Web page caption snippets:

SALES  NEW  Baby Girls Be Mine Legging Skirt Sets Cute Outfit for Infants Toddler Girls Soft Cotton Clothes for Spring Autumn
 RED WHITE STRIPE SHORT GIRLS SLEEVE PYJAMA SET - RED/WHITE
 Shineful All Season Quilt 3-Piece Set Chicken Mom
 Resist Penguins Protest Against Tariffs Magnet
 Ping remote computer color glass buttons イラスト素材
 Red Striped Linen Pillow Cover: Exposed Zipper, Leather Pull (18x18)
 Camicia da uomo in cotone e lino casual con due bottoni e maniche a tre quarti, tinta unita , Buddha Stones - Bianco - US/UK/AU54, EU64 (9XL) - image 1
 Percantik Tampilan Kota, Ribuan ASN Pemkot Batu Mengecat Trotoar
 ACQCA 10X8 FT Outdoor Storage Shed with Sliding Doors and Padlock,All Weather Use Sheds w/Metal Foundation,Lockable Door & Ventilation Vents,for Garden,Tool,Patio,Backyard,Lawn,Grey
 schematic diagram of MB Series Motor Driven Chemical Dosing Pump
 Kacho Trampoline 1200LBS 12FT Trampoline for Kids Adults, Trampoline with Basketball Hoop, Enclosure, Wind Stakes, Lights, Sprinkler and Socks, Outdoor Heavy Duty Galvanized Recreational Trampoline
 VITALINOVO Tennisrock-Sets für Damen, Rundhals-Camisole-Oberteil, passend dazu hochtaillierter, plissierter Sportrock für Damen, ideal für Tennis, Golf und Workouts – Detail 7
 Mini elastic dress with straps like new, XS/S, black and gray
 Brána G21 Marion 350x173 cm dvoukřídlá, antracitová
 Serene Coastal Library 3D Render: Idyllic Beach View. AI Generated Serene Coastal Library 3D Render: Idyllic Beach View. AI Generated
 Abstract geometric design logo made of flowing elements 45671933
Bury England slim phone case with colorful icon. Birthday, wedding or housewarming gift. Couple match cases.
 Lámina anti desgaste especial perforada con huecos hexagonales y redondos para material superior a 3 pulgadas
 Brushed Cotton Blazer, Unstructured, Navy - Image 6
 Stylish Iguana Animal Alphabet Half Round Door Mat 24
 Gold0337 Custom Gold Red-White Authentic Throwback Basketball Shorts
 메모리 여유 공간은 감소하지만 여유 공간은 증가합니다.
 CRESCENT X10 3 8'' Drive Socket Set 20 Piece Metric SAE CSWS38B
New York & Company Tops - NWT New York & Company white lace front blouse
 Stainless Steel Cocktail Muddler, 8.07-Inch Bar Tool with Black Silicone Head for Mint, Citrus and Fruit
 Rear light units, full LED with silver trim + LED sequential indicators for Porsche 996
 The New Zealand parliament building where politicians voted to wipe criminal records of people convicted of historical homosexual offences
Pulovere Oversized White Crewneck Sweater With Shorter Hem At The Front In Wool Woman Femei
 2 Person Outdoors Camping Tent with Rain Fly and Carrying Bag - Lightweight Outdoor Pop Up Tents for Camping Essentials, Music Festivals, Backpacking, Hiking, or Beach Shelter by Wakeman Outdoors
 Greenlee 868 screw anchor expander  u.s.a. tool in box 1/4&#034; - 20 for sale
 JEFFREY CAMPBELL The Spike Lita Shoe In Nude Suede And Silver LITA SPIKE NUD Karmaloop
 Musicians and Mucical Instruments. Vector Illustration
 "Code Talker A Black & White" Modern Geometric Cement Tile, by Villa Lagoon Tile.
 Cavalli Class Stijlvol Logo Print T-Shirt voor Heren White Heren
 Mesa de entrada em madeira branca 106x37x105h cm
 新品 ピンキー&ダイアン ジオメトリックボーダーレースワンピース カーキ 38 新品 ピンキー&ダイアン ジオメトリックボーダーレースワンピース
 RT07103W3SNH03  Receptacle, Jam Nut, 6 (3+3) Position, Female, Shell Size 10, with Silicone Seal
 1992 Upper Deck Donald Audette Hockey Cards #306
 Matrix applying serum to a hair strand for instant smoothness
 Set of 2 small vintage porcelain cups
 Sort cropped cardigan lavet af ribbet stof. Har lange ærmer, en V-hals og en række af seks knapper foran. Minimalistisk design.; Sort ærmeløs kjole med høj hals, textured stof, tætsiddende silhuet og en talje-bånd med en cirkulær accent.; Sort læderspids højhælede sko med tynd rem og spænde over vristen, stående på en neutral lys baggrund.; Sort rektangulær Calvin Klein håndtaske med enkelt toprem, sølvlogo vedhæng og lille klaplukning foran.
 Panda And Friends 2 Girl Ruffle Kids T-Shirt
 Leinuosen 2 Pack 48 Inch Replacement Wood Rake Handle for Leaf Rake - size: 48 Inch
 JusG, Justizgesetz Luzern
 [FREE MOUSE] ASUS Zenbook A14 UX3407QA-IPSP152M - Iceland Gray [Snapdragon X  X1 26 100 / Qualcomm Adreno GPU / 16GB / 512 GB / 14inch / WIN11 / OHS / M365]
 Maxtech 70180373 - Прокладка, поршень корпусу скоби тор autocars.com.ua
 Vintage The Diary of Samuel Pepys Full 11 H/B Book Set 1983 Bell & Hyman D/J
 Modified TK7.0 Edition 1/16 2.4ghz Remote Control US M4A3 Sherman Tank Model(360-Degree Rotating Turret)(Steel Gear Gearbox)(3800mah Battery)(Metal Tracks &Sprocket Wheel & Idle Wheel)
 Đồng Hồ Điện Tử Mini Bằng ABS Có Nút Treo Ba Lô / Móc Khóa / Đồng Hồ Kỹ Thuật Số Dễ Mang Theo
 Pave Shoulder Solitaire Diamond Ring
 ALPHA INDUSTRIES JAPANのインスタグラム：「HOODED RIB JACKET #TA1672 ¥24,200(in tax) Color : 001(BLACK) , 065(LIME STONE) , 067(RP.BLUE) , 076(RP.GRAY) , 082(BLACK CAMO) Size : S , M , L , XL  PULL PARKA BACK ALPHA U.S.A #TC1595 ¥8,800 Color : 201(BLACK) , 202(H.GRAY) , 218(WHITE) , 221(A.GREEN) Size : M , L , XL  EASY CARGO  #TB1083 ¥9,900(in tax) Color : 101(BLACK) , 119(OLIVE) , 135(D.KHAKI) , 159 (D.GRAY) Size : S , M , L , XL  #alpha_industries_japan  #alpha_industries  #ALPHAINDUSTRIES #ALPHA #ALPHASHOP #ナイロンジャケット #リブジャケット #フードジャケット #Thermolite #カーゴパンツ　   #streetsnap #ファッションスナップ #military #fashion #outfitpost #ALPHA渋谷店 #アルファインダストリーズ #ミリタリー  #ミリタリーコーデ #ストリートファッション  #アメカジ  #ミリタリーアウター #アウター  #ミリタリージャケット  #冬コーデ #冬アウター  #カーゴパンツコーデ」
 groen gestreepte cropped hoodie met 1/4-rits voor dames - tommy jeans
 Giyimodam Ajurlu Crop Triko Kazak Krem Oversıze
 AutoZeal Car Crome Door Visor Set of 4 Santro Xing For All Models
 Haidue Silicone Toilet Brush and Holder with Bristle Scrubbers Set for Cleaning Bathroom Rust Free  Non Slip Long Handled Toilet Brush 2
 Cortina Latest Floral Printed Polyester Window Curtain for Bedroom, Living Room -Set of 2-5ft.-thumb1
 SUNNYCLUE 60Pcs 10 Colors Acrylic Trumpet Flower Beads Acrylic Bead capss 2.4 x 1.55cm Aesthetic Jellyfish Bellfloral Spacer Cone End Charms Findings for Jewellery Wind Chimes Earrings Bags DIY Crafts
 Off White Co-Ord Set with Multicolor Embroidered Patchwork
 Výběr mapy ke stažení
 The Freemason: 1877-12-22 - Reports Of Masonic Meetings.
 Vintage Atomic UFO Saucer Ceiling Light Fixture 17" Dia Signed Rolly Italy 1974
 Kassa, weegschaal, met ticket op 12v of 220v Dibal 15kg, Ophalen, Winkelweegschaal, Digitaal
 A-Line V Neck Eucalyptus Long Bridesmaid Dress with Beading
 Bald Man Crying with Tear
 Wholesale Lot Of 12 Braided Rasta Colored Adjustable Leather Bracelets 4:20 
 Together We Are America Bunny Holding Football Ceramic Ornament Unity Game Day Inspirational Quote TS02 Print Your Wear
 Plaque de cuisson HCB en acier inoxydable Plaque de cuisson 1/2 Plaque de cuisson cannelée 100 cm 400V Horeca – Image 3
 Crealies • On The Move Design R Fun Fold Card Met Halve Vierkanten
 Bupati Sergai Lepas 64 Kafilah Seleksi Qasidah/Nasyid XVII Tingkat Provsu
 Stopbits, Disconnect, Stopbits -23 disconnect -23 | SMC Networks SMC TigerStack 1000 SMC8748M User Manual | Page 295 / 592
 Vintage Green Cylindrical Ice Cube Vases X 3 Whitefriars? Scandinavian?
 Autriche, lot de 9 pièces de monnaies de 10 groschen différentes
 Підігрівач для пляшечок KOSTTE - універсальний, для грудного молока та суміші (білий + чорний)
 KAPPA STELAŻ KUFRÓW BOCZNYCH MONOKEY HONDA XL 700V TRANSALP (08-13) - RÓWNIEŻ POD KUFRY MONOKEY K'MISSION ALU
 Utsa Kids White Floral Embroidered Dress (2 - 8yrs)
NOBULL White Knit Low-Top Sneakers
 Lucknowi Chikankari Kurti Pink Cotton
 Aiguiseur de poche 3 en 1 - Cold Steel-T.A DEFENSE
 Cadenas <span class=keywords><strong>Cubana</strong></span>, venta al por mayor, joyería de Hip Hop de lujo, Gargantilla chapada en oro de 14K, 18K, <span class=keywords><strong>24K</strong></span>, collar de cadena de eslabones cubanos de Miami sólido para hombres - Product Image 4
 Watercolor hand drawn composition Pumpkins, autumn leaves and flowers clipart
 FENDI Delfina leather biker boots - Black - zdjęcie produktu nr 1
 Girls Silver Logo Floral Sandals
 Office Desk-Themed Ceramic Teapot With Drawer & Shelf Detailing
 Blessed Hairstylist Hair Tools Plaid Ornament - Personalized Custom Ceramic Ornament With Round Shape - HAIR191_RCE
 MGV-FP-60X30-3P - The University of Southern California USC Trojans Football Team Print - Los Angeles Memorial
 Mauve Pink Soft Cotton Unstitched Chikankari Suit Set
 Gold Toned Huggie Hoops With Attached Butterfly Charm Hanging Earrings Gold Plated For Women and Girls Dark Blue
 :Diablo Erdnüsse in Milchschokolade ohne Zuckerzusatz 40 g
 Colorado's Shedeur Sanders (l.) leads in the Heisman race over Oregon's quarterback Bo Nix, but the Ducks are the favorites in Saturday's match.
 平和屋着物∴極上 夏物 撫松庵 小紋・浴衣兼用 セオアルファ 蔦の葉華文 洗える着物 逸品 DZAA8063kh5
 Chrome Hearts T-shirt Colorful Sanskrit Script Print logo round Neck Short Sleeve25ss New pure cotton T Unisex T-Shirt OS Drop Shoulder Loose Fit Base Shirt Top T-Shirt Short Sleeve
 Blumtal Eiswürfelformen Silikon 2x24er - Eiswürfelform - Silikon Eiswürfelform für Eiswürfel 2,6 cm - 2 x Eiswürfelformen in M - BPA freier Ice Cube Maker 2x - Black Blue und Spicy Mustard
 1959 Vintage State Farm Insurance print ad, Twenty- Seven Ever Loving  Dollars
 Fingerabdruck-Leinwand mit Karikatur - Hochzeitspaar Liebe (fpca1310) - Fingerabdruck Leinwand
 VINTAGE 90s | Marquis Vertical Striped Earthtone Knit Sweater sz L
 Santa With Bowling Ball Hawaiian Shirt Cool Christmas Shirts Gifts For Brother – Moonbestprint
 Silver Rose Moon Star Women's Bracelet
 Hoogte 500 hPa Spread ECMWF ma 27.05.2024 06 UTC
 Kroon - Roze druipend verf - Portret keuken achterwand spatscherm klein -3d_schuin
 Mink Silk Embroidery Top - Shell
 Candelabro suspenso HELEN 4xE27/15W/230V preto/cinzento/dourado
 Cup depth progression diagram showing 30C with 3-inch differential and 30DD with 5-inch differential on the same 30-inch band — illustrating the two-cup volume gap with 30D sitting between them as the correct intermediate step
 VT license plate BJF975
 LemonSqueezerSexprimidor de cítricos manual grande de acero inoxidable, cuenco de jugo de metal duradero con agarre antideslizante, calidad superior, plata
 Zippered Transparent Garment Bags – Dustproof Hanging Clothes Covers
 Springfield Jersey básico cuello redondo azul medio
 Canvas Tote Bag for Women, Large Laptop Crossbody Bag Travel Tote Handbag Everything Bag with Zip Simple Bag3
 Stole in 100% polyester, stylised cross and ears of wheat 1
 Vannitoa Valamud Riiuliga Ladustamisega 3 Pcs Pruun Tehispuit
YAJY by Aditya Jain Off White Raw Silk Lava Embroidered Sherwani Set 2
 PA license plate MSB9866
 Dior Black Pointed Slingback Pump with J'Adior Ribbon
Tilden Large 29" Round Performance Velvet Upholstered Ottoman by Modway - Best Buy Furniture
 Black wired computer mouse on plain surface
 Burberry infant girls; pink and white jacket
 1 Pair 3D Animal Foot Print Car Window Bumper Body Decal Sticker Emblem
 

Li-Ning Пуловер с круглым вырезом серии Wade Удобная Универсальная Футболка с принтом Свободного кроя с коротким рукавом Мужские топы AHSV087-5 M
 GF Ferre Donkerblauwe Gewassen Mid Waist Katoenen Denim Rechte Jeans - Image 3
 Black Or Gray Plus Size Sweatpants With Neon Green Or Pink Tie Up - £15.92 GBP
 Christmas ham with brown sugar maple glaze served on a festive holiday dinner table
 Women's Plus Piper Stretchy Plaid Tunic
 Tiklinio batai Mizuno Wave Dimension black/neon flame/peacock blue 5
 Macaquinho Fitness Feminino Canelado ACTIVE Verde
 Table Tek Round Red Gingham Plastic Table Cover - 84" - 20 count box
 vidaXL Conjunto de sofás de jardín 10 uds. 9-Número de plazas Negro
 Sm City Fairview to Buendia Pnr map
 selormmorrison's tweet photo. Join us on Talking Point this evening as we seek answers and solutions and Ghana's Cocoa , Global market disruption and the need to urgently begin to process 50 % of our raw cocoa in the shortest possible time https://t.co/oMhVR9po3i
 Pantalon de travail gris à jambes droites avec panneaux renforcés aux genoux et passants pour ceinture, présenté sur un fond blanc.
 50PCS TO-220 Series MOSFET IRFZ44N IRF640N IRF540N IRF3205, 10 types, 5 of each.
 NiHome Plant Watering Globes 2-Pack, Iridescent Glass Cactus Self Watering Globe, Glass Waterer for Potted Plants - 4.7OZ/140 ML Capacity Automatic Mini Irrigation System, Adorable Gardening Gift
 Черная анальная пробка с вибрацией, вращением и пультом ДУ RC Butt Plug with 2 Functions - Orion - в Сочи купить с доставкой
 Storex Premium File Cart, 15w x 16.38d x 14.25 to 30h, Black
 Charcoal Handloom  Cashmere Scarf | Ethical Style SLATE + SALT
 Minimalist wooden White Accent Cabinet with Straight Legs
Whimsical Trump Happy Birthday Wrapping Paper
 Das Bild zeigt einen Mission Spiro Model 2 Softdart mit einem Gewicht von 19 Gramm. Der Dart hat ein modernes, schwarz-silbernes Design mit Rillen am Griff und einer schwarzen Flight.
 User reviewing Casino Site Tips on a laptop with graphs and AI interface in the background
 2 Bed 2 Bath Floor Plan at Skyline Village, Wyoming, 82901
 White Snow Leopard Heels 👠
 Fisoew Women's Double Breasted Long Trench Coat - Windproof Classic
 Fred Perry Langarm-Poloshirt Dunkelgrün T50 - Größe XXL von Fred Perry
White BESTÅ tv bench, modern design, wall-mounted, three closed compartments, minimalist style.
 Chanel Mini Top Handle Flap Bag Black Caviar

> _Exercise description_
Return only the number of lines in the records above that include the string "Kids".

> _Output_
3